Under the memory workload analysis we see that we are pulling in ~576 bytes of data per memory request, whereas an optimal access pattern would only need to pull in 128 bytes per request. This actually makes sense, since we are making strided global memory requests with a stride of ~4. These strided requests result in wasted data for each 128B cache line pulled from global memory. In the source counter section, NCU actually maps the lines in our kernel resulting in the uncoalesced requests (possible since I compiled with —lineinfo flag).

‍

‍

The offending lines, as we would expect, are the strided loads from GMEM into thread registers for our input/kernel weights.

‍

‍

Occupancy Lower than Theoretical Max

Our kernel only results in 8 out of the 12 possible active warps per scheduler. Recall that each SM has a limit of 48 warps (or 12 warps on each of the four schedulers). Our blocks are each of size 32 warps, preventing multiple blocks from being active concurrently and resulting in lower than maximum occupancy. From what I have read 66% isn’t necessarily bad.

‍

Excessive Warp Stalls

‍

On average there are 22 cycles between each issued instruction for each warp. Given that we have 8 active warps per scheduler and 22 cycles between each warp being able to issue an instruction, we are spending a fair number of cycles without firing off instructions. This also explains the 0.35 issued warp per scheduler (7.96 active warp/22.7 cycles per issued instruction) from the previous section. Looking at the actual warp stall counts line-by-line, we see that lines 35, 39, 44, 46, and 48 are responsible for the majority of warp stalls in the kernel. Lets try to figure out why these lines are resulting in warp stalls.

‍

‍

Line 35


res += regInput[tileIdx + dotIdx] * regKernel[dotIdx];

compiles into PTX instructions


fma.rn.f32 %f3, %f2, 0f00000000, 0f00000000;
fma.rn.f32 %f12, %f4, 0f00000000, %f3;
fma.rn.f32 %f13, %f6, %f5, %f12;
fma.rn.f32 %f14, %f8, %f7, %f13;
fma.rn.f32 %f15, %f10, %f9, %f14;

‍

The PTX above represents the unrolled version of the inner dot-product loop, with each fused-multiply-accumulate in a loop-interation turning into a single instruction. The stall reason for these instructions is ‘Long Scoreboard’, which indicates that warp’s trying to run this instruction ran into unfulfilled global memory dependencies. This makes sense since there isn’t a ‘sync_threads’ in between the last global memory load sequence and the fma instructions that necessitates registers to contain data from GMEM. We could likely reduce this stall reason by improving our memory loading scheme.

‍

Line 39


    sumReduce[threadIdx.x] = res;

‍

compiles into PTX instruction


st.shared.f32 [%r21], %f15;

‍

The stall reason associated with the st.shared.f32 instruction is ‘barrier’. This is because the instruction directly succeeding the shared memory store is ‘syncthreads’, so some warps are completing the shared memory store before others and hitting barrier stalls waiting for everyone to finish. We can address this by trying to come up with a way to complete the sum-reduce without introducing dependencies between warps.

‍

Line 44


    sumReduce[threadIdx.x] = res;

‍

compiles into PTX instructions (for the first loop iteration)

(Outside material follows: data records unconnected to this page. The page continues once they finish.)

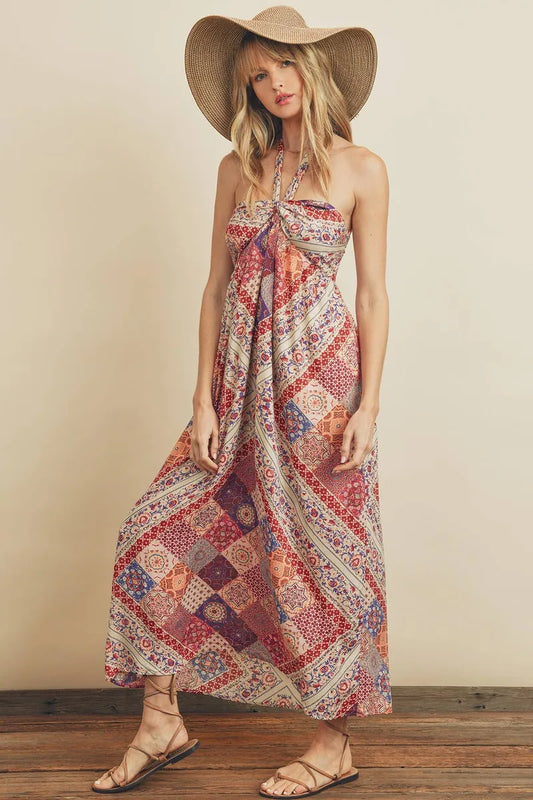 Berry Paisley Halter Dress is a boho-inspired maxi dress featuring a vibrant paisley print and a halter necktie for adjustable comfort. The baby doll bodice with a smocked back panel offers a flattering fit, while the flowy silhouette creates effortless summer style. Perfect as a casual maxi dress for warm weather, beach outings, or relaxed gatherings, this dress blends playful design with comfortable, breezy wear.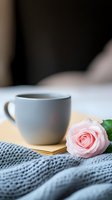 Cozy morning scene with gray ceramic cup of coffee, delicate pink rose on knitted blanket background, soft natural lighting creates romantic atmosphere.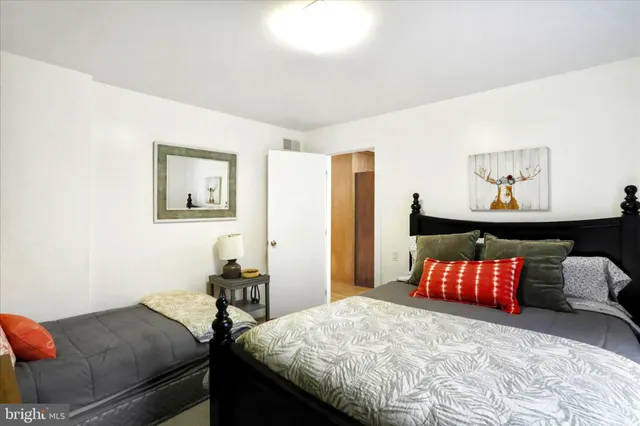 a bedroom with a bed and window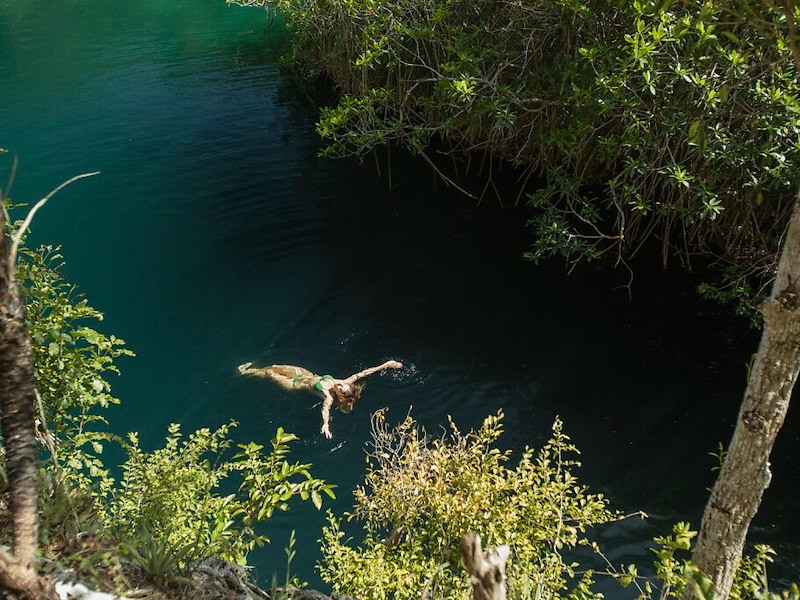 Woman in a straw hat relaxing in an infinity pool overlooking a lush jungle.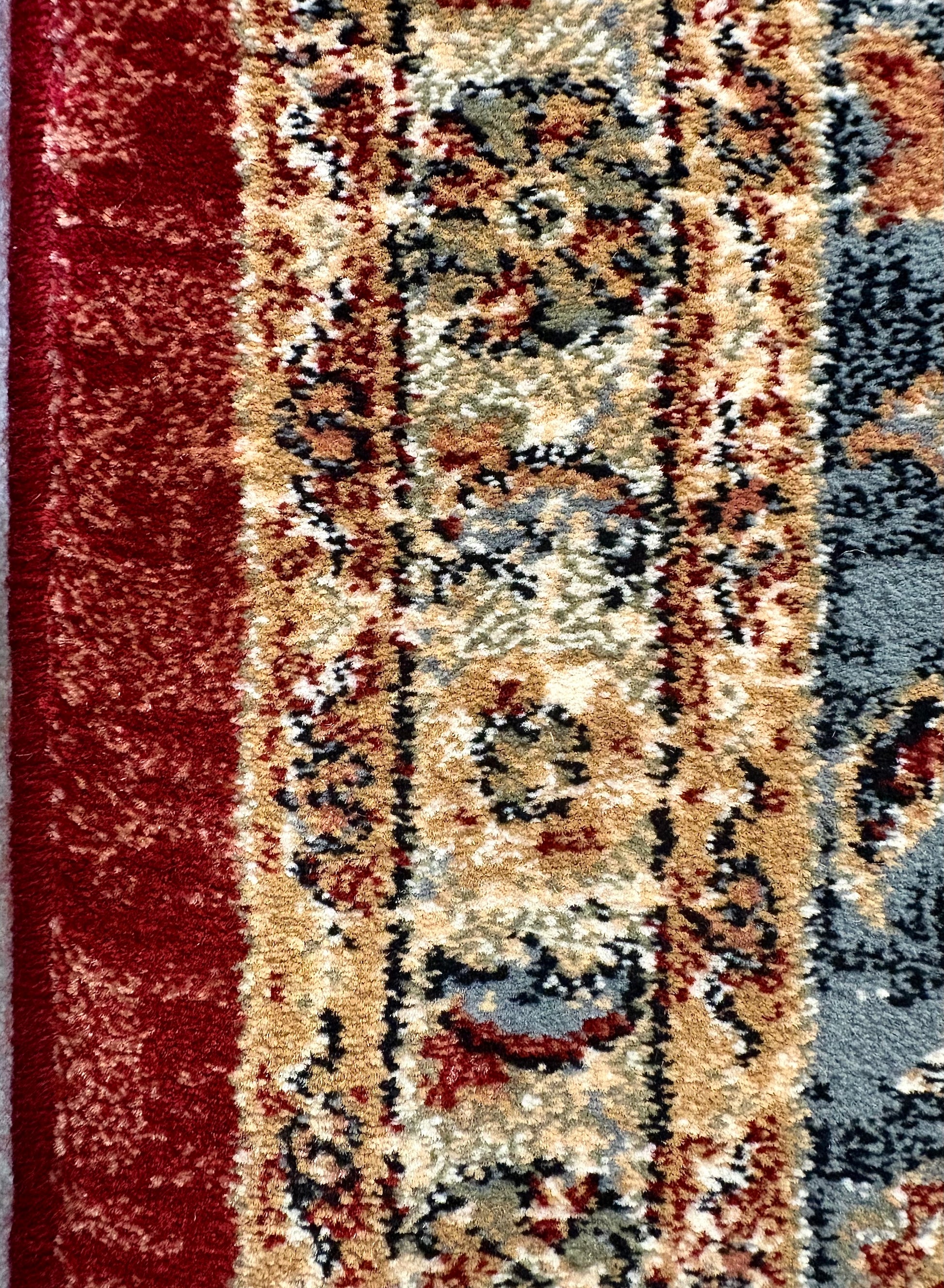 The Davinci Heriz Red Persian Rug. Machine made and crafted from durable heat-set polypropylene. The classic  Persian design will elevate your home decor. Colours, reds, blues, beiges. 4 Sizes. Side Close.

shr.u32 %r84, %r22, 1; //shift value in r22 to right by 1, corresponds to 's >>= 1'
setp.eq.s32 %p1, %r84, 0; //compare the value in r84 to 0 and set predicate register p1 depending on the result
@%p1 bra $L__BB0_5; //branch conditionally based on the value in p1

‍‍

This sequence of instructions iterates the loop counter and checks to see if the loop is over or not. The vast majority of stalls show up as ‘barrier’ stalls associated with the ‘@%p1 bra $L__BB0_5;’ instruction. If you imagine how the sum-reduction takes place, at every iteration the number of threads participating in the reduction are cut in half. If we had 1024 threads to start, only 512 participate in the first iteration, only 256 in the second, only 128 in the third, and so on. The threads that do not participate are stuck in this loop due to the ‘sync_threads’ and hit barrier stalls while waiting for the participating threads to complete. To be super honest though I am not sure why barrier stalls are associated with this line and not the conditional ‘if (threadIdx.x < s)’ in the succeding line. This stall reason could be addressed by reducing the total number of threads participating in the reduction, unrolling the loop iterations once the number of participating threads is smaller than 32, or finding a way to remove the ‘sync_threads’ all together.

‍

Line 46


shr.u32 %r84, %r22, 1; //shift value in r22 to right by 1, corresponds to 's >>= 1'
setp.eq.s32 %p1, %r84, 0; //compare the value in r84 to 0 and set predicate register p1 depending on the result
@%p1 bra $L__BB0_5; //branch conditionally based on the value in p1

‍

compiles into PTX instructions


add.s32 %r31, %r21, %r30; //add threadIdx.x to s
ld.shared.f32 %f16, [%r21]; //load shared memory element at index 'threadIdx.x'
ld.shared.f32 %f17, [%r31]; //load shared memory element at index calculated earlier
add.f32 %f18, %f17, %f16; //add together the two elements we just loaded into thread registers
st.shared.f32 [%r21], %f18; //store result back to shared memory

‍‍

The warp stall causes for line 46 are largely due to MIO throttles during the shared memory loads/stores as well as short scoreboard stalls during the fp32 add. The MIO throttles are due to the instruction queue in the load/store units getting overwhelmed from the number of simultaneous shared memory instructions. The short scoreboard stalls are in a somewhat similar family, and are caused by thread registers data dependencies not being met due to long shared memory access times. We could address these by eliminating our dependency on shared memory, reducing the number of warps participating in the reduction.

‍

Line 48


__syncthreads();

‍

compiles into PTX instructions


bar.sync 0;

‍

This instruction stalls mostly for ‘mio throttles’, similar to the shared memory loads and stores from earlier. Given that the instruction directly preceding is a shared memory store, I think these stalls are spill-overs from the st.shared.f32.

‍

Combing through our NCU profile, we walk away with a handful of areas of improvement for our 1D Convolution kernel.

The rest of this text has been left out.